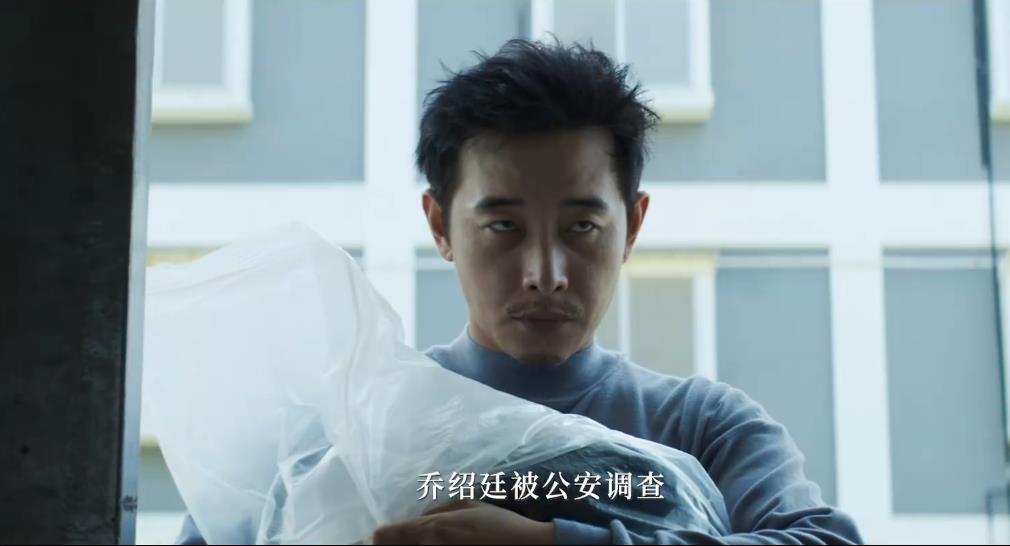 罗晋《庭外》今晚6点开播，阵容强大，3大看点啥都有，有大剧看了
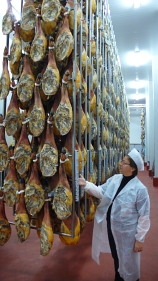 Núria Autet (IberGour) observa unos jamones en las instalaciones de COVAP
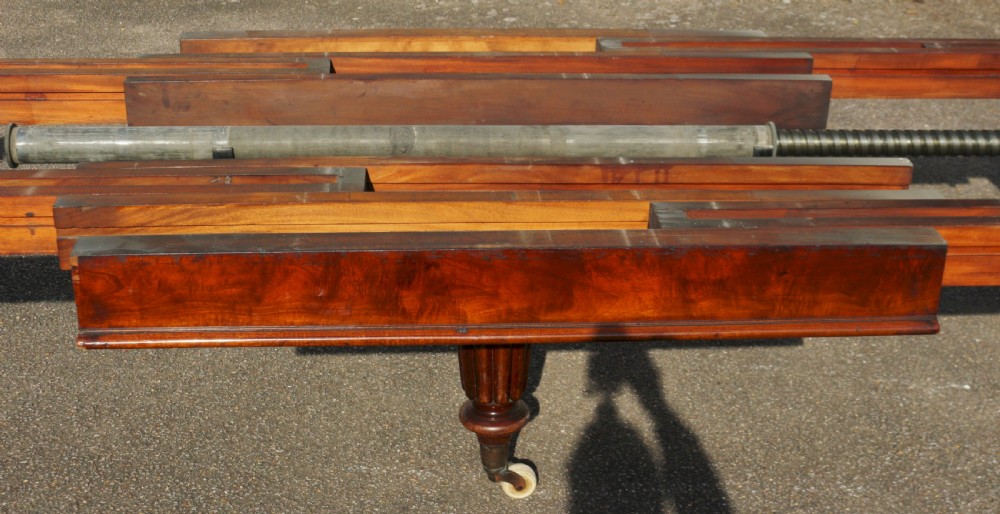 Victorian Mahogany Extending Dining Table with 6 Extra Leaves View VI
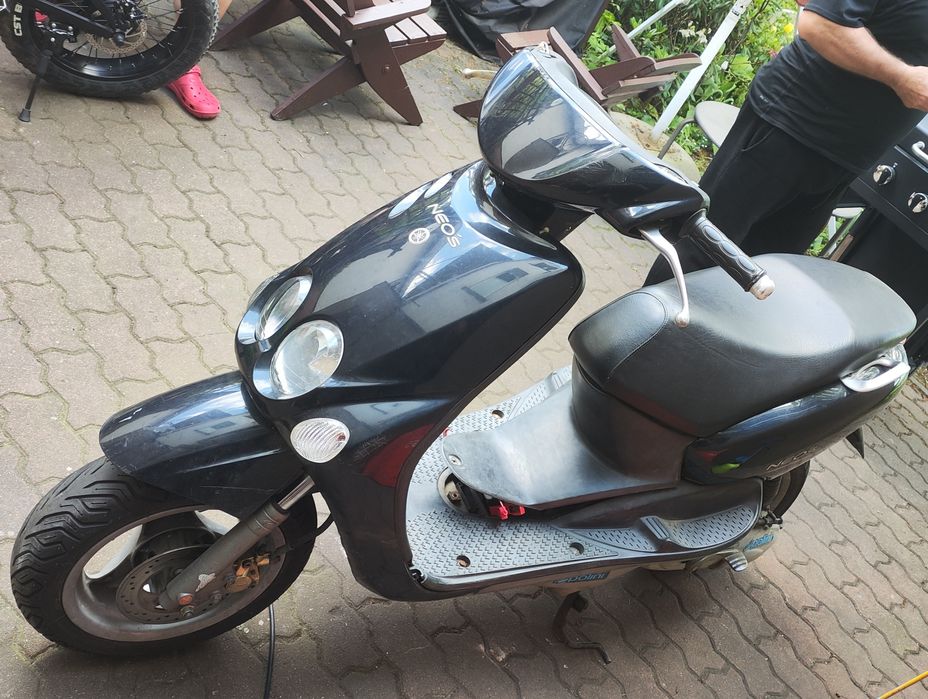 Yamaha Neos 50 2T szybki i mocny z kufrem dlugie oplaty i przeglad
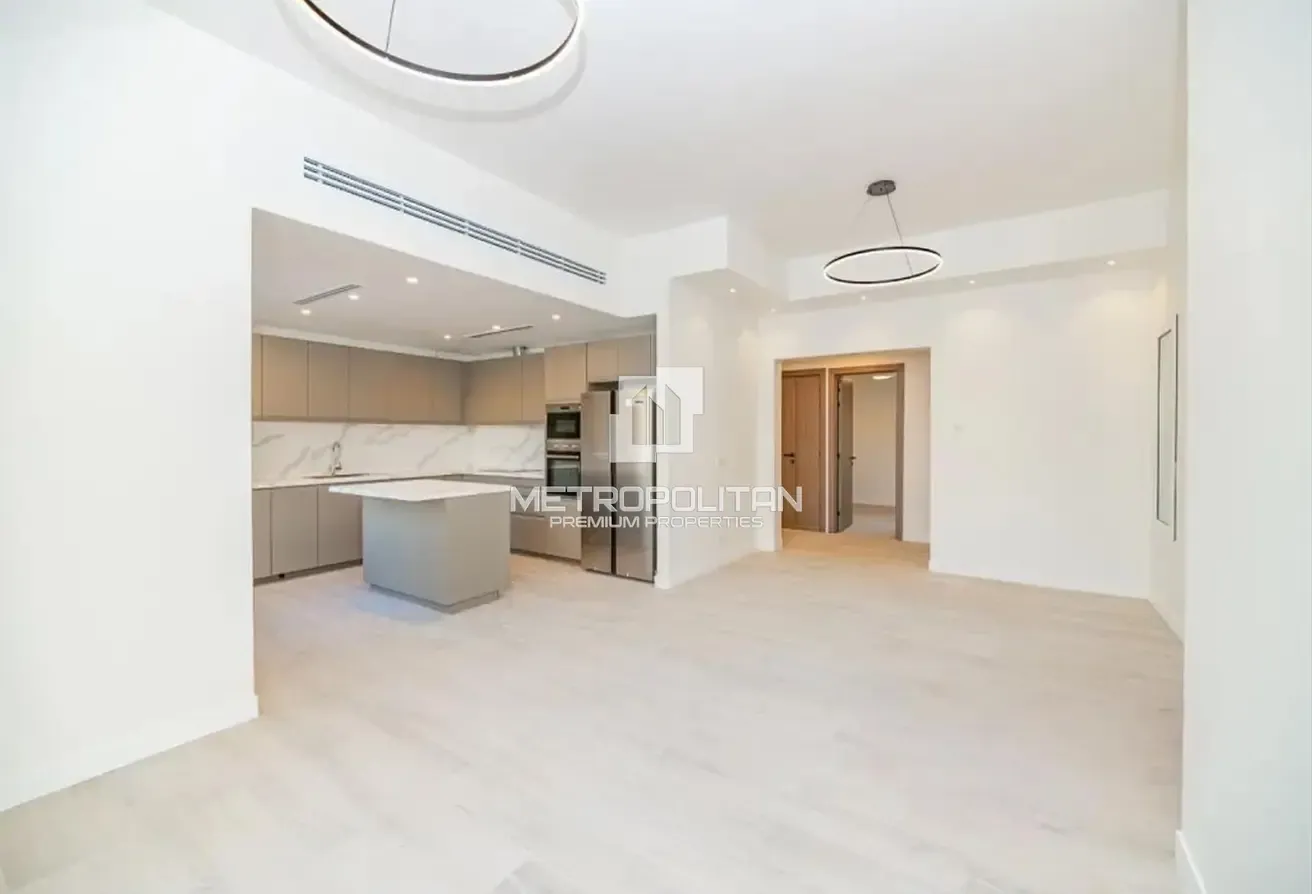 Fully Upgraded | 3BR + Study | Huge Corner Plot
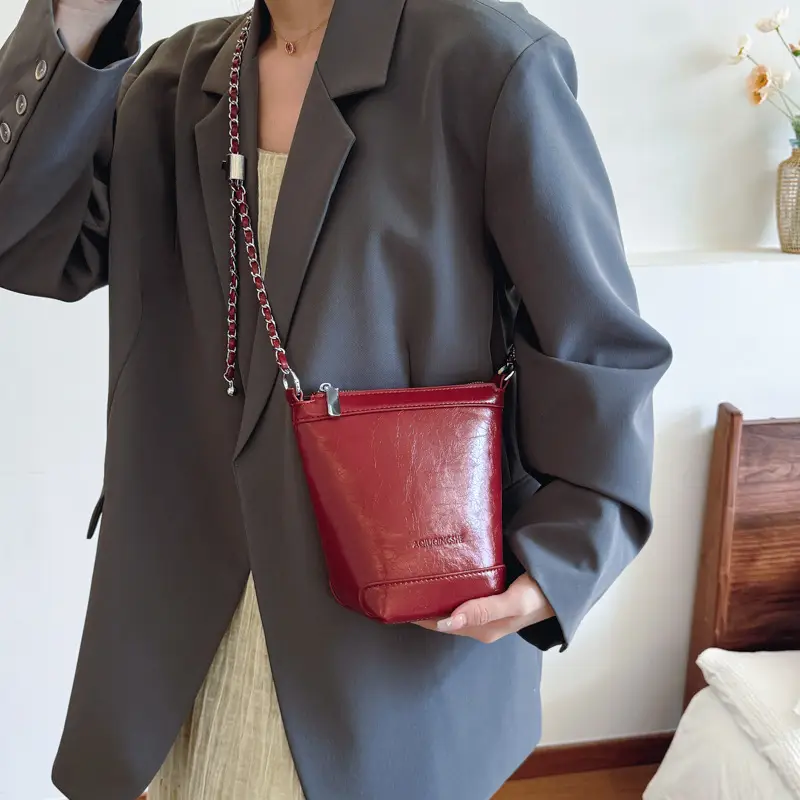 Women's Red Chain Shoulder Bag 2024 New Style - Image 6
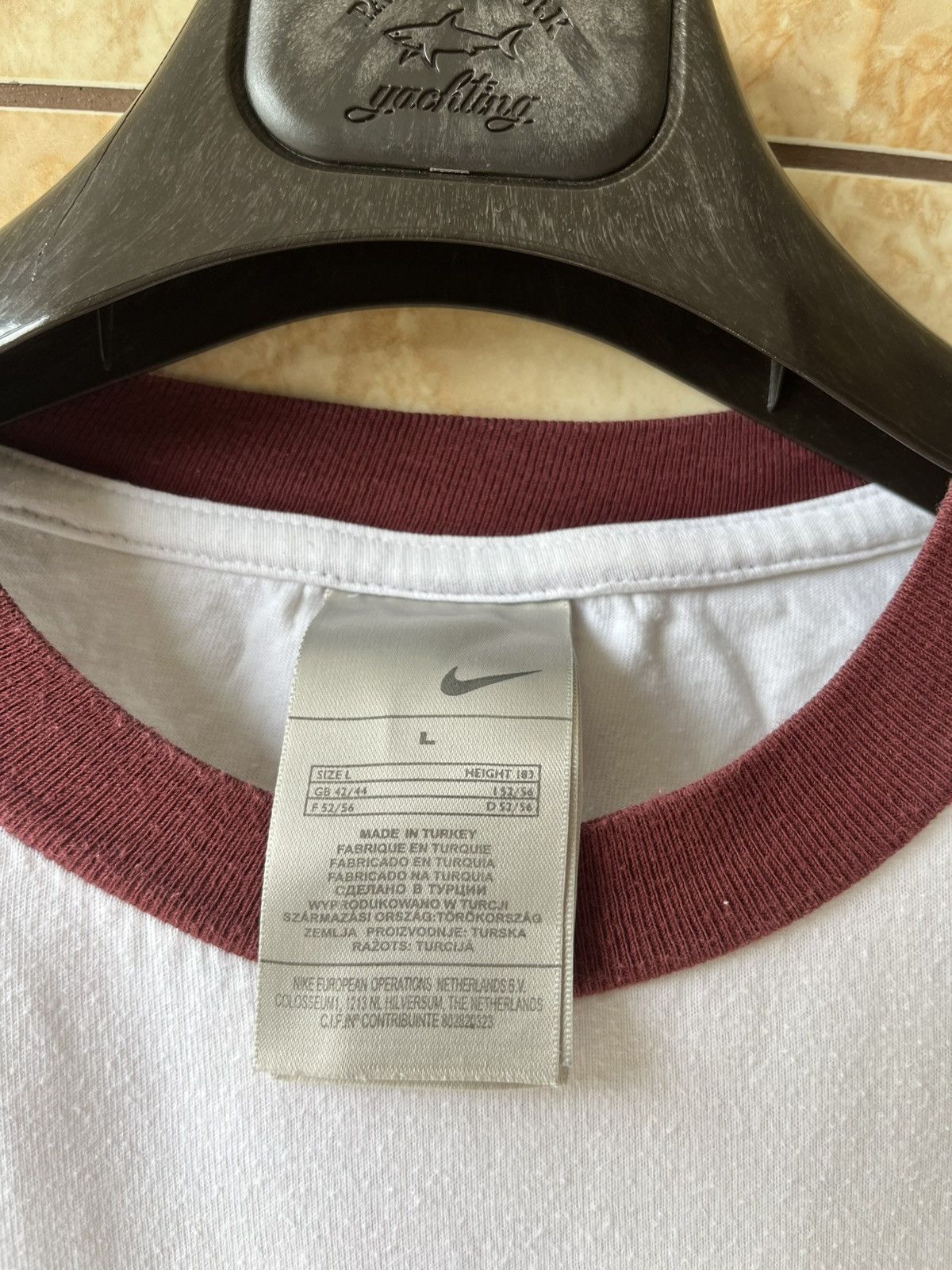 Nike Vintage Nike big logo T shirt Size US L / EU 52-54 / 3 - 5 Thumbnail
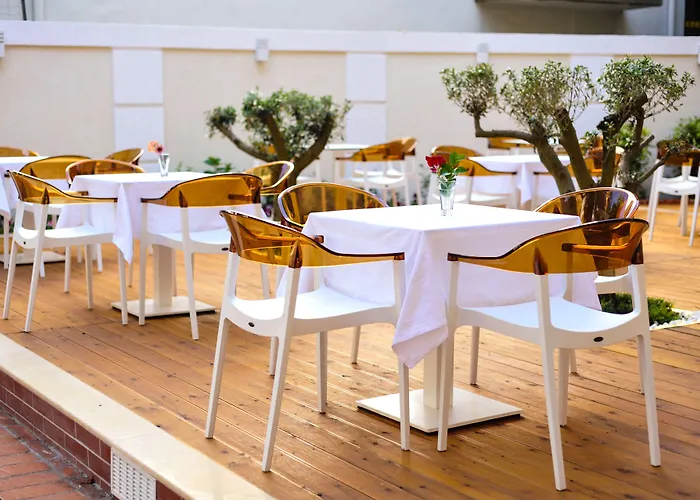 Hotel E Arte Center 3*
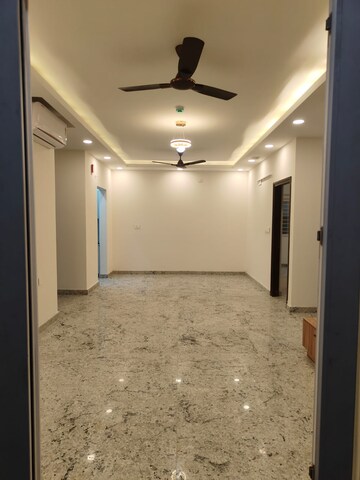 Room in 3 BHK Apartment at Bollineni Bion, Kothaguda – for Rent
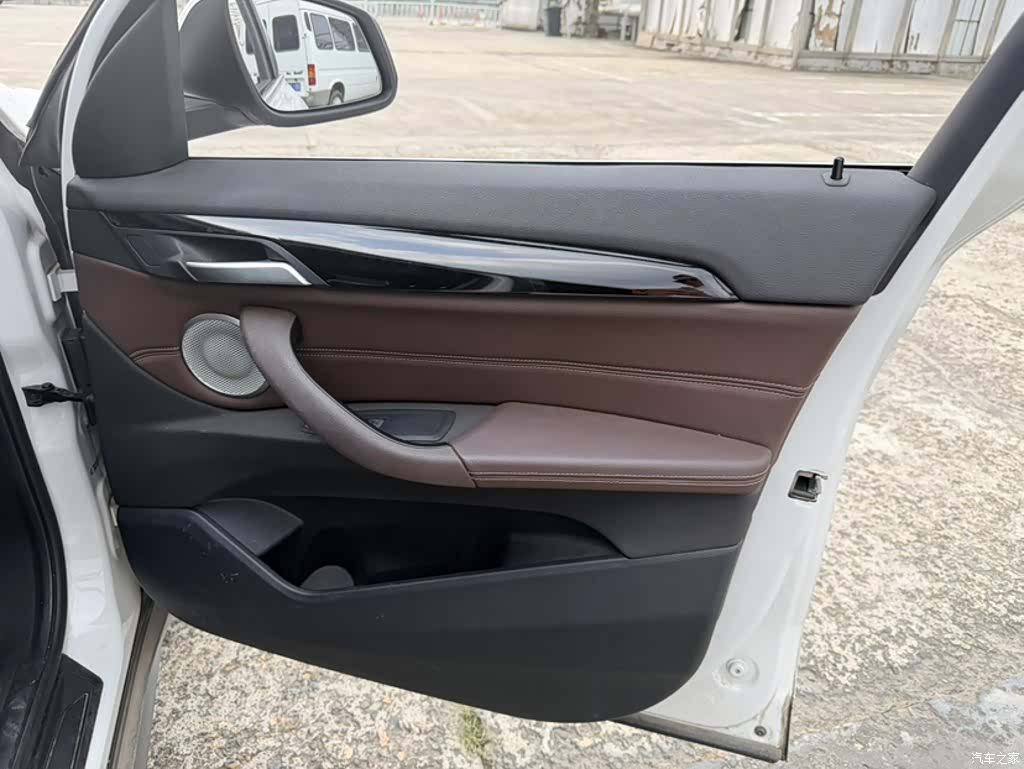 BMW X1, 2023 12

**What needs to be done**: From the listing above, print every entry precisely and drop the pictures.

**Task solution**:
 罗晋《庭外》今晚6点开播，阵容强大，3大看点啥都有，有大剧看了
 Núria Autet (IberGour) observa unos jamones en las instalaciones de COVAP
 Victorian Mahogany Extending Dining Table with 6 Extra Leaves View VI
 Yamaha Neos 50 2T szybki i mocny z kufrem dlugie oplaty i przeglad
 Fully Upgraded | 3BR + Study | Huge Corner Plot
 Women's Red Chain Shoulder Bag 2024 New Style - Image 6
 Nike Vintage Nike big logo T shirt Size US L / EU 52-54 / 3 - 5 Thumbnail
 Hotel E Arte Center 3*
 Room in 3 BHK Apartment at Bollineni Bion, Kothaguda – for Rent
 BMW X1, 2023 12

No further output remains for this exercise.